Each "layer" (each value of amount) only talks to the layer below it (amount - coin). You never skip layers. dp[5] does not magically depend on dp[0] unless there is a coin with value 5. The layered constraint makes the solution correct by construction, because each layer fully resolves before the next one uses it.
This is why DP problems are hard at first but become systematic once you see the layered pattern. You just need to figure out what each layer is and how it depends on the previous layer.
Number of Islands
Number of Islands uses BFS, which is inherently layered. When you run BFS from a cell:
- Layer 0: The starting cell.
- Layer 1: All cells at distance 1 from the start.
- Layer 2: All cells at distance 2 from the start.
Each layer is fully processed before the next layer begins. A cell at distance 2 is never visited before all cells at distance 1 are handled. This layered processing is what guarantees BFS finds the shortest path in unweighted graphs. The architecture (layers that depend only on the previous layer) is what makes the algorithm correct.
The takeaway
Good architecture in a codebase and good architecture in a coding solution come from the same skill: decompose the problem, isolate responsibilities, and make each piece clean and independently understandable.
When you learn software architecture patterns in class, you are not learning something separate from coding.
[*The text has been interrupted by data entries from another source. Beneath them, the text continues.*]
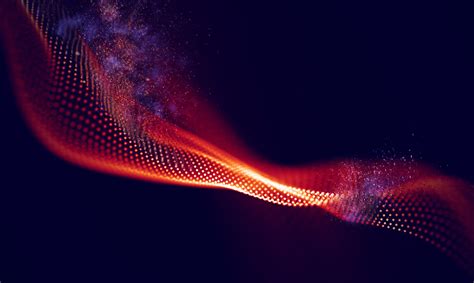 Ensuring Safe Implementation: Clinical Safety Without Stalling - iO Meetups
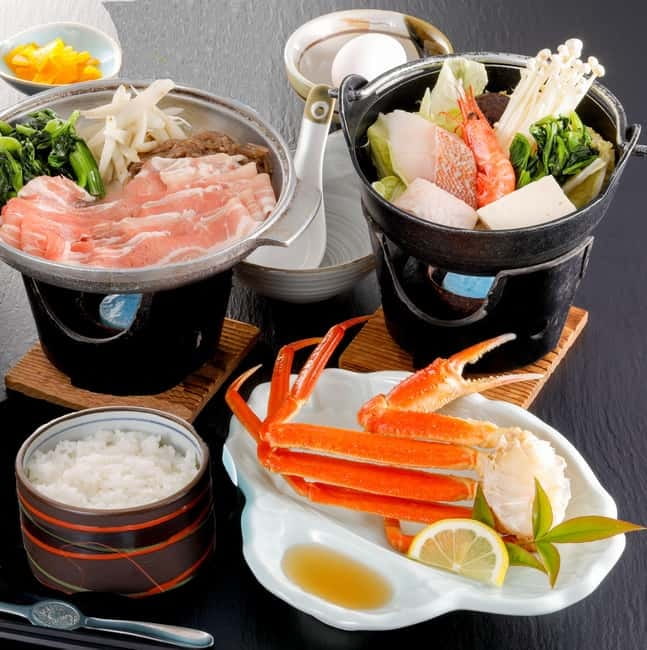 Osaka/Kyoto: Amanohashidate & Miyama Tour with Boat & Lunch - Amanohashidate boat cruise, seagulls, and that sandbar that feels unreal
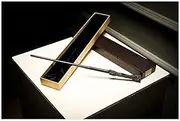 Harry Potter Magic Wand Metal Core with Premium Box Classic Collection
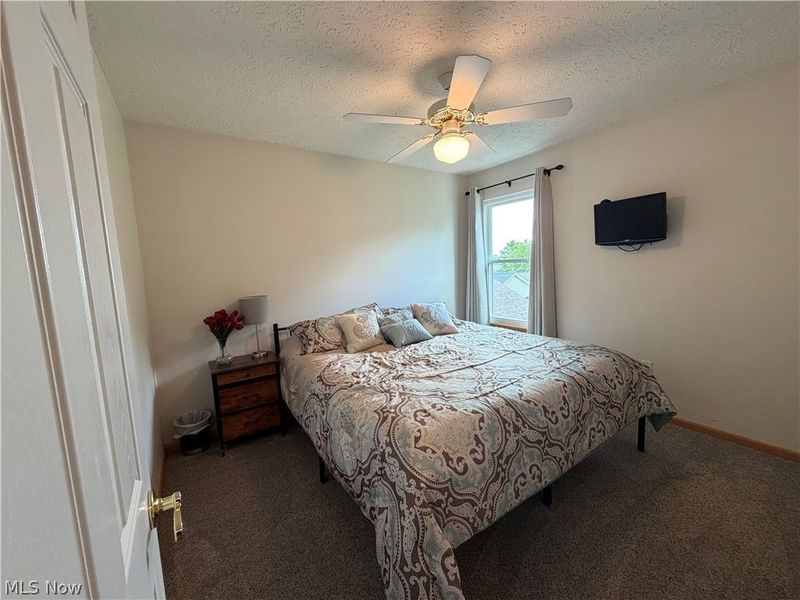 2281 Brittany Boulevard, Brunswick, OH 44212 Photo 21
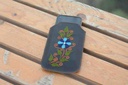 wallet - Duplicate IMG # 1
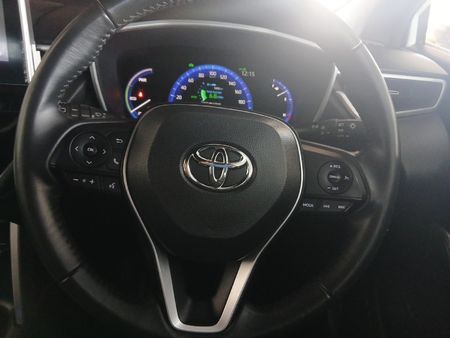 2025-Toyota-Corolla-Cross-18-XS-Hybrid_7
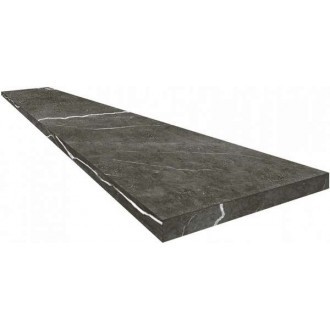 620070002502 Dark Scalino Angolare Dx 60х33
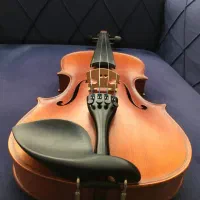 ویولن سندنر ۳۰۲. Violin Sandler 302|ویولن|بابل, |دیوار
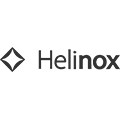 Helinox旗舰店
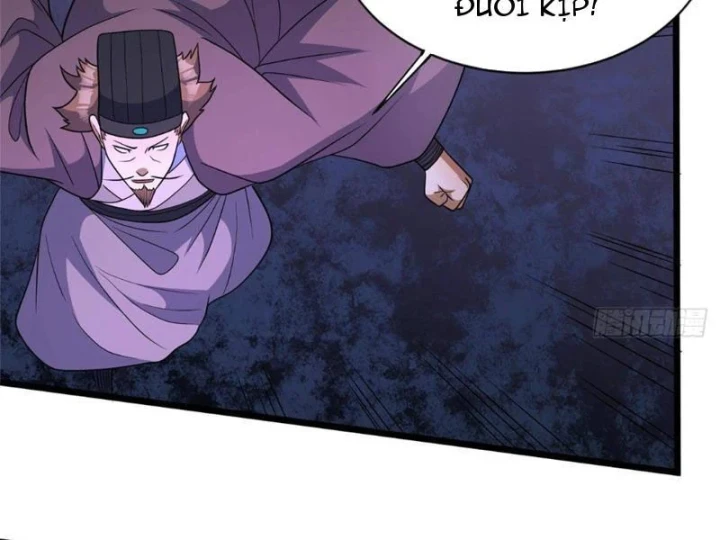 Đô Thị Cực Phẩm Y Thần Chapter 325 - 48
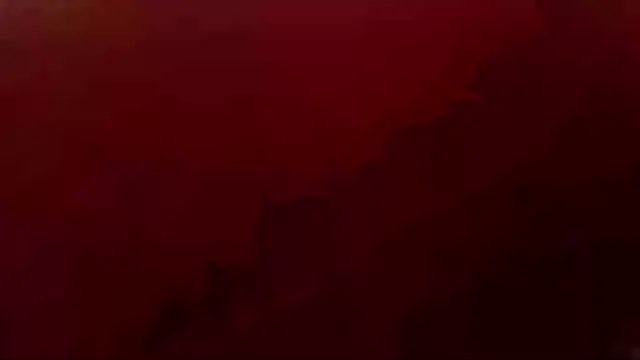 ClaudiaAmore online show from October 20, 2025, 2:17 pm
You are learning the same thinking patterns that the best problem solvers use every day:
- Pipe-and-filter teaches you to build multi-pass solutions where each pass has one job.
- Client-server teaches you to design clean interfaces that hide complexity.
- Master-slave teaches you to delegate sub-problems and trust recursive calls.
- Layered teaches you to build solutions where each step depends only on the previous step.
The next time you sit down with a hard problem in an architecture coding interview, do not just start writing code. Ask yourself: what is the architecture of this solution? Which pattern fits? How does this problem decompose?
That question alone will get you further than memorizing a hundred solutions.